Search a dataframe from a list and add column to say found or not

This is my df with 2 columns:

utid  | description
------+-------------------------------------
12342 | my name is 123 amrud and nitesh
 2345 | my name is anil
 2122 | my name is 1234 mohan

and a list like list {"mohan","nitesh"}.

I need to search if an element from this list is present in the description column. If yes, then print "found" else print "not found" in a different column of the dataframe.

The list is far bigger than this of around 20k elements.

The output dataframe should be like this:

utid  | description                     | foundornot
------+---------------------------------+-----------
12342 | my name is 123 amrud and nitesh | found
 2345 | my name is xyz                  | not found
 2122 | my name is 1234 mohan           | found

Any help is welcome

Solution

You can simply define a udf function check for the condition and return on of the found or not found strings

val list = List("mohan","nitesh")

import org.apache.spark.sql.functions._
def checkUdf = udf((strCol: String) => if (list.exists(strCol.contains)) "found" else "not found")

df.withColumn("foundornot", checkUdf(col("description"))).show(false)

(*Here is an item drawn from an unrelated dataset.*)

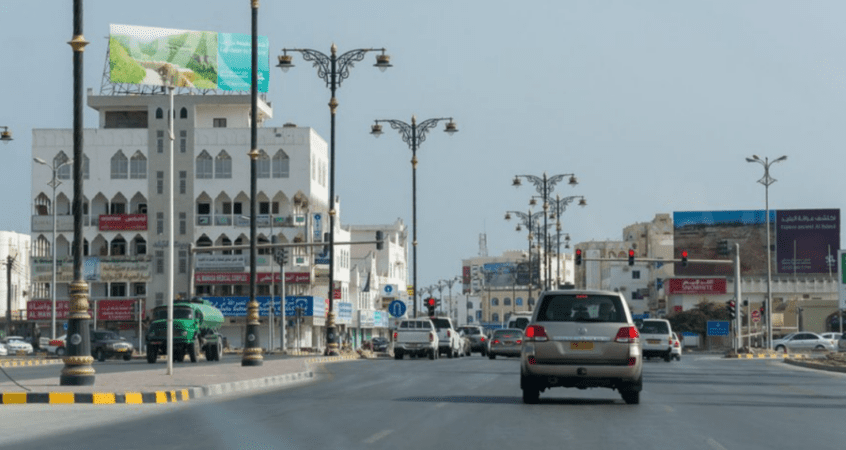 كيف تدمج بلدية ظفار الاستدامة في الأحياء القديمة دون تغيير هويتها؟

Thats it and you should be getting

+-----+-------------------------------+----------+
|utid |description                    |foundornot|
+-----+-------------------------------+----------+
|12342|my name is 123 amrud and nitesh|found     |
|2345 |my name is anil                |not found |
|2122 |my name is 1234 mohan          |found     |
+-----+-------------------------------+----------+

I hope the answer is helpful